Taken at the Flood
A few weeks after marrying an attractive young widow, Gordon Cloade is tragically killed by a bomb blast in the London blitz. Overnight, the former Mrs Underhay finds herself in sole possession of the Cloade family fortune. Shortly afterwards, Hercule Poirot receives a visit from the dead man’s sister-in-law who claims she has been warned by ‘spirits’ that Mrs Underhay’s first husband is still alive. Poirot has his suspicions when he is asked to find a missing person guided only by the spirit world. Yet what mystifies Poirot most is the woman’s true motive for approaching him.
What a queer topsy turvy world it was, thought Lynn. It used to be the man who went to the wars, the woman who stayed at home. But here the positions were reversed.
More about this story
The story follows Hercule Poirot as he untangles the family history of a young widow and those who would rather she weren’t the sole inheritor of her second husband’s fortune.

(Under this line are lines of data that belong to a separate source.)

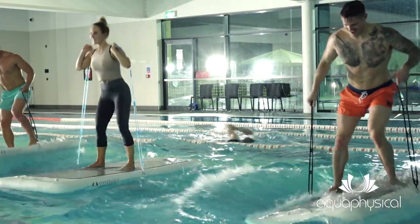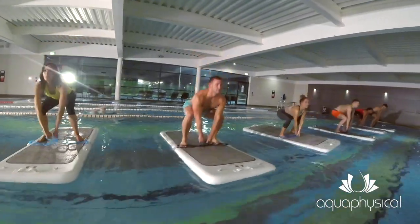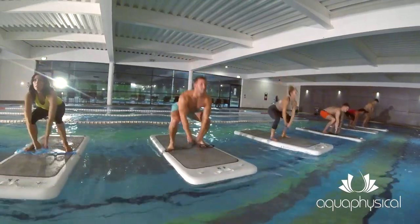Resistance training on the Aquabase opens up a whole new way of exercising, perfect for float fit classes and rehabilitation programs.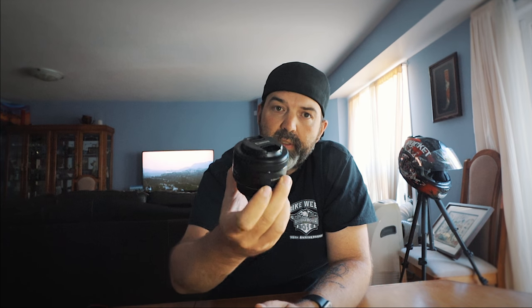We're going to try it on the 10-18 STM, and that one has image stabilization — it's a nice wide lens. We're going to try it on an older Tamron 17-50 2.8, and we're going to try it on the good old nifty fifty, the STM version. Because those two lenses have no image stabilization at all. Will the electronic image stabilization help those two lenses when using video? Let's go outside and look.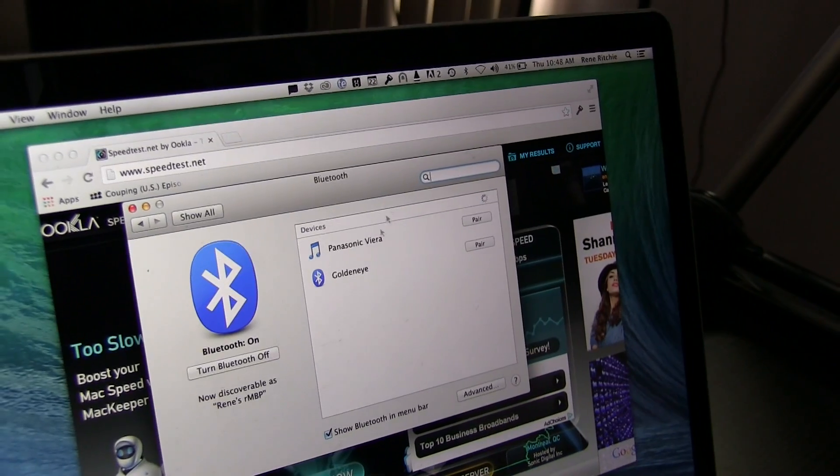The next thing you can use is Bluetooth, preferably Bluetooth 4.0 if your computer is equipped with it. Bluetooth is a radio technology, so you don't need a wire. However, it's not as fast as Wi-Fi, but it is power efficient.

The title is taken from Shakespeare’s Julius Caesar, Act IV spoken by Brutus: “There is a tide in the affairs of men, which taken at the flood leads on to fortune…” The quotation is given in full in the novel’s epigraph.
It was dramatised on BBC Radio 4 in 2004 and starred John Moffatt as Poirot. And in 2006 it was adapted for TV. David Suchet was Poirot and the cast included several other famous faces including Celia Imrie as Kathy Cloade and Jenny Agutter as Adela Marchmont.